JUDGMENT : HARSHA DEVANI, J. 1. By this petition under Article 226 of the Constitution of India, the petitioners have challenged the order dated 22.10.2018 made by the Gujarat Value Added Tax Tribunal (hereinafter referred to as the “the Tribunal”) in Second Appeal No.1106 of 2018. 2. The first petitioner Dhruvi Traders, a firm registered under the Gujarat Value Added Tax Act, 2003 (hereinafter referred to as “the GVAT Act”) is engaged in the business of trading in chemicals. It is the case of the petitioners that the returns were duly filed and tax as applicable was paid under the GVAT Act. The petitioners purchased goods from registered dealers under the GVAT Act. Input tax credit was claimed by the petitioners on the tax paid on such purchases in accordance with the provisions of the GVAT Act. 3. Input tax credit for assessment year 2013-14 came to be disallowed in the case of the petitioner on the basis of alleged negative cross check reports. It was alleged that the vendors of the petitioners had purchased goods from some vendors whose registration certificates had been retrospectively cancelled and that there were dues in the case of the vendors. Accordingly, the Assessing Officer, vide order dated 28.3.2018, by placing reliance upon section 11(7A) of the GVAT Act disallowed input tax credit in the case of the petitioners for the year 2013-14. It is the case of the petitioners that the negative cross check reports or assessment orders passed in the case of the petitioners were never provided to the petitioners. The petitioners challenged the assessment order by way of a first appeal which came to be summarily dismissed on the ground of nonpayment of pre-deposit. The petitioners preferred a second appeal before the Tribunal. The Tribunal, by an order dated 22.10.2018, admitted the appeal and stayed recovery on condition that the petitioners deposit 20% of tax demand within a period of one month. 4. Mr. Uchit Sheth, learned advocate for the petitioners submitted that in this case the input tax credit has been disallowed on the basis that the registrations of the persons from whom the petitioners had made purchases had been cancelled. It was urged that the disallowance of input tax credit being based upon extraneous material, such material ought to have been furnished to the petitioners.

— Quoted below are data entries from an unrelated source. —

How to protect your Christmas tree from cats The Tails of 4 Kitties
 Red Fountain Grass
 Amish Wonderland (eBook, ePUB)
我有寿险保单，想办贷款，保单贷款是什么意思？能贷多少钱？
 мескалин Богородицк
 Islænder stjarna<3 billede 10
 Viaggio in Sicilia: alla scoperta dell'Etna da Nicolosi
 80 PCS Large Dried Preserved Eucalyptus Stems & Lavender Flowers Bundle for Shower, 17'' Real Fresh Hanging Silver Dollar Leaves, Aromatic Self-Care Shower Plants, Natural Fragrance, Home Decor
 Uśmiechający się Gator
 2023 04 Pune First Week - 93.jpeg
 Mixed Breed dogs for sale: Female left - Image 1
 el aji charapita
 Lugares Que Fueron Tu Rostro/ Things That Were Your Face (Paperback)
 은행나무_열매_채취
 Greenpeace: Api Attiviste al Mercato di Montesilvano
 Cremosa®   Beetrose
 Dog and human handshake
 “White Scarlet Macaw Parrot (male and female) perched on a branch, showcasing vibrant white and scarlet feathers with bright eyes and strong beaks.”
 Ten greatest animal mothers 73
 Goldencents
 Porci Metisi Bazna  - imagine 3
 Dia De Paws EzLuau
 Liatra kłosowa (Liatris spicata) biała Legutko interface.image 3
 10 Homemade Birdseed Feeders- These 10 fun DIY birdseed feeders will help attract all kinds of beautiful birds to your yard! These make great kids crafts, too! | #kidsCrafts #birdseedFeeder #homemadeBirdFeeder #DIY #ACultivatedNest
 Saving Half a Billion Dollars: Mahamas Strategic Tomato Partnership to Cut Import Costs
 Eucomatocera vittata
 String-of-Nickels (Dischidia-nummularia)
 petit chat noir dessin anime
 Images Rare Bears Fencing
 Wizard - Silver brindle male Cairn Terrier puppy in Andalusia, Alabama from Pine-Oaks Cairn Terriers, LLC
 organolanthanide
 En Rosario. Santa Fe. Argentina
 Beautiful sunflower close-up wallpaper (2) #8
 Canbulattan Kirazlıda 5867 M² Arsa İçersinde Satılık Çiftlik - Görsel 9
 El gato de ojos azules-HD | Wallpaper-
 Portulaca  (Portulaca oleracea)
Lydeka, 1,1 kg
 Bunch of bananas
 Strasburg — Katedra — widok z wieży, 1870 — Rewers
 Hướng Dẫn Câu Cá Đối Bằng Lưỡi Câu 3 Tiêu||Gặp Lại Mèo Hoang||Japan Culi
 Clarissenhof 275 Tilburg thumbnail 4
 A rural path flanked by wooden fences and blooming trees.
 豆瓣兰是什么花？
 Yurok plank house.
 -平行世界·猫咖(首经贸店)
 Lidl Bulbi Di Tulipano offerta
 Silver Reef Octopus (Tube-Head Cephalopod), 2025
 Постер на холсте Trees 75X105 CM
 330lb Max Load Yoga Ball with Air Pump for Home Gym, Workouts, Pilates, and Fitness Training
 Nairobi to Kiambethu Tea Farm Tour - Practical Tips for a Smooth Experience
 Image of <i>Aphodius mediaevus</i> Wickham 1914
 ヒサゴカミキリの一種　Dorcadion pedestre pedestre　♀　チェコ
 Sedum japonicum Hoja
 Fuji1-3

It was urged that the disallowance of input tax credit being based upon extraneous material, such material ought to have been furnished to the petitioners. It was contended that after the order of the Tribunal dismissing the appeal on the ground of nonpayment of pre-deposit, the petitioners contacted their vendors and tried to find out the reason for the alleged demand in their cases, whereupon replies were received that tax in respect of the sales to the petitioners had been duly deposited. It was submitted that out of the four vendors in respect of whom input tax credit came to be disallowed, two of them, namely, M/s.Ardor Global Private Limited and M/s. Infinium De-Chem Private Limited have responded that in fact they do not have any outstanding dues as per the assessment orders passed for the year 2013-14. It was pointed out that insofar as VAT demand in case of Chem Edge International Pvt. Ltd. is concerned there was meager demand of Rs 4831/- but not related to sales to the petitioner and that insofar as Ardor International Private Limited is concerned, while the amount of dues is much less than the amount mentioned in the assessment orders of the petitioners, the said vendor has informed the petitioner that majority of such dues are on account of disallowance or exemption from certain high seas sales transactions and that the remaining are dues relating to certain disputed claims of input tax credit unconnected with the sales made to the petitioners. The attention of the court was also drawn to the assessment orders passed in the case of those dealers. 4.1 It was contended that to invoke section 11(7A) of the GVAT Act, the respondents have to establish that qua these sales, the tax has not been paid and such exercise should have been carried out at the stage of the assessment proceedings; however, the assessment order has been passed without proper inquiry leading to a high pitched assessment. It was submitted that the petitioners have a strong prima-facie case in their favour and, therefore, the demand of huge pre-deposit for admission of the first and second appeal by the first appellate authority and the Tribunal respectively, is unjustified.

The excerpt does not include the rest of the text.